A few years ago, my brother and I were driving from Texas to Ontario and on the way we stopped in Kentucky where—long story short—we "ran into" Wendell Berry. He was giving a talk to a group of Louisville students out in a park and after the talk, people asked all sorts of questions about farming, food, and economics. Yet what the conversation kept turning back to was community.
I forget the context now, but I remember Berry answering one question about the purpose of community by telling a story about a man whom we'll call Fred. Fred was a known slacker, drunk, and thief in the town of Port Royal where Wendell grew up. He couldn't hold down a steady job and more often than not, the sheriff would be called to haul Fred to the local jail to cool off after a bar fight and sober up. As time moved on, Fred moved on to petty crime and even some violence, which translated into longer stints in the clink.
As Fred's actions became a larger threat to the community, the outcry to the sheriff increased. People wanted to get Fred put into a State penitentiary. Yet the sheriff refused, and his response—as Berry told us in his story—was simple: "True, Fred is a son of a ___; but he's one of us."
The shrriff's understanding of his responsibility to the community is not simply a responsibility to the "good" members, but also to the misfits who exploit and even threaten the very community to which they so reluctantly belong. Giving Fred up to the powers of the State pen would remove the problem, sure, but only at the expense of turning one of the town's members into a jumpsuited, anonymous number within the State's cold glare. Fred would no long have to answer to anyone he knew, and no one he knew would have to answer to him. Looking at the bigger picture, the sheriff understood that cutting Fred from the membership would be the greater crime.
Today this truth seems hard to come by. In Ross Douthat's opinion column a few weeks' back, he provides a whole litany of cases where parents—usually single mothers—have recently been imprisoned for leaving their children in cars untended or free to roam public parks without guardians. The attention this topic has garnered was sparked in part by the imprisonment of Debra Harrel, a McDonald's employee who had her child play in the park because she couldn't afford daycare. And with this story, many fingers have been pointed at Debra Harrel for being an irresponsible mother, at the State for failing to provide the proper systems to allow mothers to afford daycare, and even at parents for being overly protective helicopters.
Yet few, I think, are pointing the finger in the right direction. What about that woman who saw Debra's 9-year-old daughter and, rather than talk to her mother, decided to dial 911?
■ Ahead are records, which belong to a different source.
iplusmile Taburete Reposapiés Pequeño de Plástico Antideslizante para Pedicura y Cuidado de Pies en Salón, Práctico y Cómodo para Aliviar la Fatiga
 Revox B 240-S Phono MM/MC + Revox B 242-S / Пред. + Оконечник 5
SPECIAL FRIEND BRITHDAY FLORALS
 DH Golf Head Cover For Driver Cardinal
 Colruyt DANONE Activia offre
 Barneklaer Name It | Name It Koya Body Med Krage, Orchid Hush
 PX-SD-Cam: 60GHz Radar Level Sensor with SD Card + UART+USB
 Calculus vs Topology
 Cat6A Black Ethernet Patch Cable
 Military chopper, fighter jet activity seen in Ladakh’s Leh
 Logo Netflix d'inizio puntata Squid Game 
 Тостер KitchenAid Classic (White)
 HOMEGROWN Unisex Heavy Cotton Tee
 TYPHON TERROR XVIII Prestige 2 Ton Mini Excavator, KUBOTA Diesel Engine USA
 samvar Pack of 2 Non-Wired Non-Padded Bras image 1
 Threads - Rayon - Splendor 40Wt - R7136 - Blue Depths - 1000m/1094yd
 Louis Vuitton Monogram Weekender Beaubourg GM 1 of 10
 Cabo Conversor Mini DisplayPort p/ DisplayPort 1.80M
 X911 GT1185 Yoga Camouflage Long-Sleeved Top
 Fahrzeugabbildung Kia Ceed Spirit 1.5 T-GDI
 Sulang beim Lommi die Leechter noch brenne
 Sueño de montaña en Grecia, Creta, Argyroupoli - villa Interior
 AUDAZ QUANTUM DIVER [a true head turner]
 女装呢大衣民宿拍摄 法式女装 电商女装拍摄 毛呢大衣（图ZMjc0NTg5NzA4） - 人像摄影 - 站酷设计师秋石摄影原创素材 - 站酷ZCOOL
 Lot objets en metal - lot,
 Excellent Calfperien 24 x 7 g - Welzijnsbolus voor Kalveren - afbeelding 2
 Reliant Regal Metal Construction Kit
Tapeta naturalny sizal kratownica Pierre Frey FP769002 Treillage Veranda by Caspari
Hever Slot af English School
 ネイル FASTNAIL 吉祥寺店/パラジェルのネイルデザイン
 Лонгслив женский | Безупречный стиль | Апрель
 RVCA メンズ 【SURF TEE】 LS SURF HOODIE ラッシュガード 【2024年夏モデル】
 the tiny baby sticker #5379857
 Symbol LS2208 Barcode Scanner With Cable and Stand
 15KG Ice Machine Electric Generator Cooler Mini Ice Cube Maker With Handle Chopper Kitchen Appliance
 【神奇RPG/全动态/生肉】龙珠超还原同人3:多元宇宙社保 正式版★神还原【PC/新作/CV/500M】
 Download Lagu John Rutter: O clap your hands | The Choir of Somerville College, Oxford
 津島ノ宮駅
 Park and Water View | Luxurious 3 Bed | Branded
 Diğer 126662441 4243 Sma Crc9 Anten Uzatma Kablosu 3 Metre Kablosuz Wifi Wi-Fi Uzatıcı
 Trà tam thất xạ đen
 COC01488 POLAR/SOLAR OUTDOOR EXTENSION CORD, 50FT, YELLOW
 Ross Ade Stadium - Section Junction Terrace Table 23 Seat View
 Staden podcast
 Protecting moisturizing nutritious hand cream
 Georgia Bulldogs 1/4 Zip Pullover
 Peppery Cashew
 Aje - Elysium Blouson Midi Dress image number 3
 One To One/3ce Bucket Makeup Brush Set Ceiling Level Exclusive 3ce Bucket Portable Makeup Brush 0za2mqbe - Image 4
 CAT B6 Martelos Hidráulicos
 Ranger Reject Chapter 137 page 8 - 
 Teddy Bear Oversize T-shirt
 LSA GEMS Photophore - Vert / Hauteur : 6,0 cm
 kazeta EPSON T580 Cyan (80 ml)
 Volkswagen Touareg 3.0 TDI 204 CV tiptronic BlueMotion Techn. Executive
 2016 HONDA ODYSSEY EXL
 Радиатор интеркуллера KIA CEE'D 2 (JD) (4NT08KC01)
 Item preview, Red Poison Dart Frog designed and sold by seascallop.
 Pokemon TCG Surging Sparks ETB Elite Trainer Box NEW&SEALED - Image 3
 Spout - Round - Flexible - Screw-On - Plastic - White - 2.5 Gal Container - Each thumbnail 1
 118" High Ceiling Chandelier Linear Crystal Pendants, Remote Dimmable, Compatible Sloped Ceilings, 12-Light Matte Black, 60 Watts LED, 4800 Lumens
If the community and the family are two of the most important mediating structures that buffer and protect the individual from the powers of the State and the Industrial Economy, it seems that these stories show we're in a bad way. Not only are many of these cases the byproduct of broken homes and single-parent families, but the larger community in which such broken families should exist is not properly shouldering the burden of its responsibilities to its weakest, most vulnerable members.
I'm not saying that Debra Harrel's decision was a good one, and that parents at the park shouldn't have been concerned, but what kind of world allows the first plan of action to be delivering a mother from your neighborhood to the anonymizing forces of the State? It seems to me that this would be a world where trust is eroded and community interdependence and reliability are lost. It is a world without mediation where the most vulnerable members will continually be threatened unless we can begin to reignite those values which cement the strongest and weakest in a community together in a bond of cooperation, trust, and ultimately, care.